Find the line holding "352 Leeward Avenue, Beachwood, NJ 08722" in the entries below. Give it again exactly, along with every line after it up to and including the line holding "narration banale… Crimson".

**Given entries**
· · · · ·

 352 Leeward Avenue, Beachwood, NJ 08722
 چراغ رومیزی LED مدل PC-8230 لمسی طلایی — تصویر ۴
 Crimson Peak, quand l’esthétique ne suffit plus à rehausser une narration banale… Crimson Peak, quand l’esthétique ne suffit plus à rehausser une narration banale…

· · · · ·

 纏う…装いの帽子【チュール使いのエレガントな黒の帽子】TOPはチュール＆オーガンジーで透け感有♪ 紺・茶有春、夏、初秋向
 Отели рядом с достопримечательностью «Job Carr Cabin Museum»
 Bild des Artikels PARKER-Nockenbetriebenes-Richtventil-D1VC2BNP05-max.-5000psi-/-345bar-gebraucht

· · · · ·

**Written reply**
 352 Leeward Avenue, Beachwood, NJ 08722
 چراغ رومیزی LED مدل PC-8230 لمسی طلایی — تصویر ۴
 Crimson Peak, quand l’esthétique ne suffit plus à rehausser une narration banale… Crimson Peak, quand l’esthétique ne suffit plus à rehausser une narration banale…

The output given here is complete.